Thursday, October 16, 2008
What About You?
"What about you, then? Who do you say that I am?" Luke 9:20
When our girls were younger and we took car rides (long or short, it didn't really matter), we would play a game simply called questions. My husband Mark was the best questioner, as he always had good questions with simple age appropriate answers. Sometimes it was spelling, sometimes math and sometimes questions about the universe in general or about our lives specifically. The girls were asked questions in rotation and we didn't keep score. These were part of the several girls rules we lived by which included endless do-overs, lots of band aids and boo-boo kisses, having an unending supply of chocolate milk and frequent potty breaks. They loved playing questions and sometimes even now when we are in the car together someone will request a game of questions. Our game was both innocent and silly, the kind of thing that sprouts up naturally when people live together and help each other bide time and circumstances.
The nature of Jesus' question to the disciples and the situation it was asked in were markedly different. They were praying, they were in a reverent, holy moment. And yet, there is also a comfort level and familiarity that is found among those who spend time together and cling to one another for support. There was intimacy and sanctuary among them. And Peter replies, "You are the Christ!" He gets the answer right, although he was known for stumbling over simple things and getting things wrong more often than not. Peter understood who Jesus was completely in that moment of quiet prayer and safety but when faced with the scrutiny of the world he folded on a regular basis. He was in need of endless do-overs and the intimacy and safety of loving circumstances. It is a profound realization then, that it is this same
Peter,the flawed, blurting, stumbling, awkward Peter on whom Jesus founds the Church. He rests the whole history of our worship of God throughout the ages on the back of this character. Thank God. What comfort in knowing, through Peter's example that we are also welcome and needed in the kingdom of God. We who stumble and need do-overs, who get the answers wrong more often than we admit are the ones whom God seeks out.

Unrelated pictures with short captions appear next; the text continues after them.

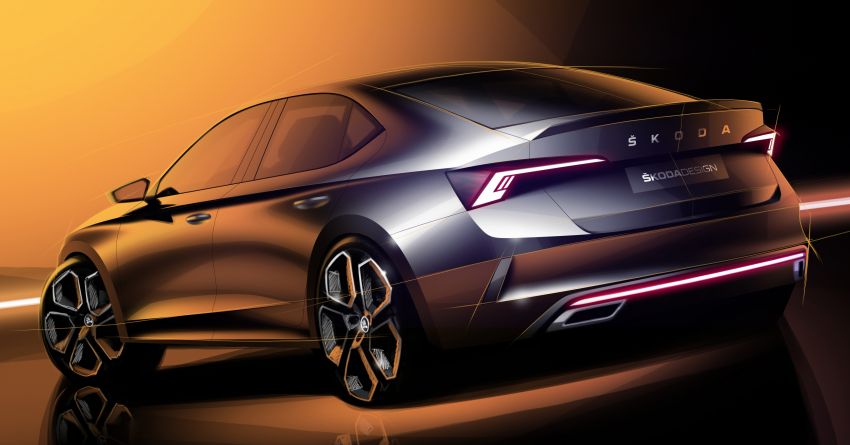 Skoda Octavia RS iV previewed in sketches ahead of Geneva debut in March – sporty PHEV with 245 PS 1077605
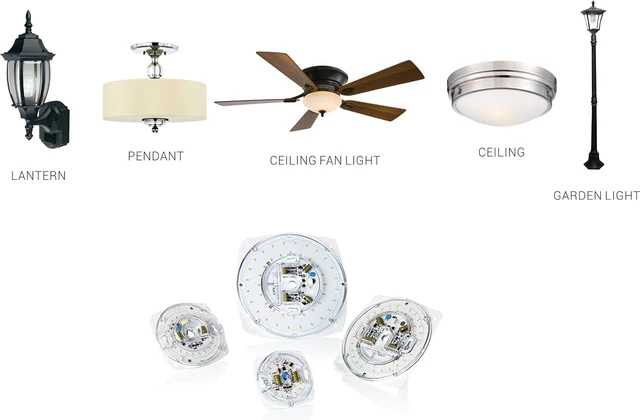 Alt view image 7 of 7 - 5.82" LED Light Engine 6.73" Overall Ceiling Fan Light Replacement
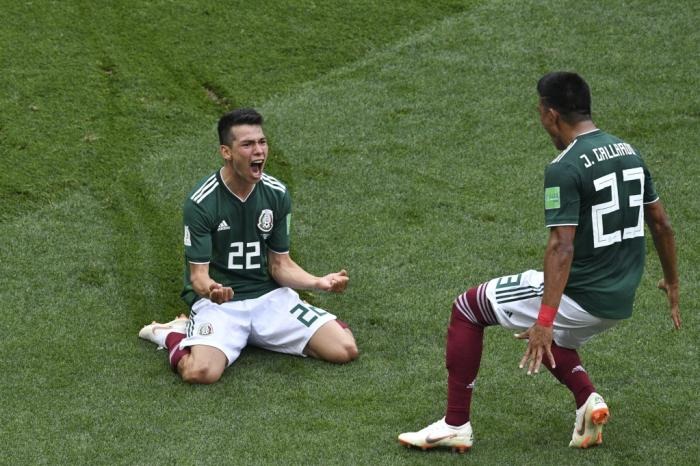 Lozano marcou o único gol da partida
MLADEN ANTONOV / AFP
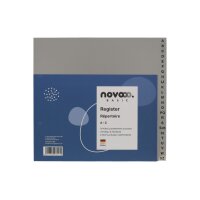 NOVOOO Répertoires PP 3/4 haut 40964 gris A-Z 24pcs.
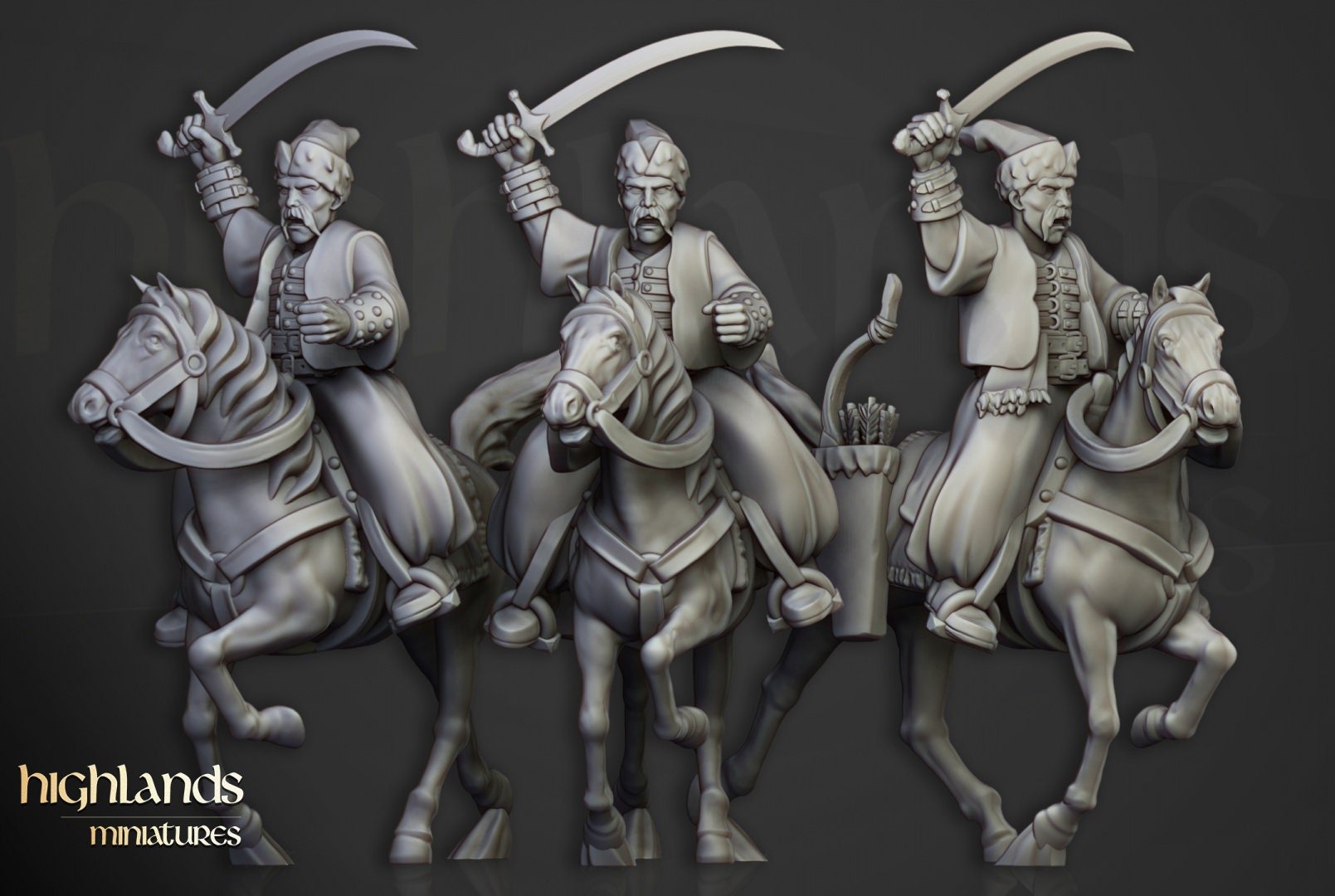 Cossack Light Cavalry - Highlands Miniatures - Sigmarite Boutique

So, for today, may we forgive ourselves our humnaity, knowing that God in Jesus Christ already has. May we be happy, if but for a brief moment, in the knowledge of God as a loving parent, who asks questions and also has an endless supply of band aids and kisses. If we know how to love, however incompletely it might seem, how more so can God, who is love, completely love us. May we have the courage to blurt out our faith and our need, knowing that God is anxious for us to be right and will honor us in our effort and our human struggle, today and every day.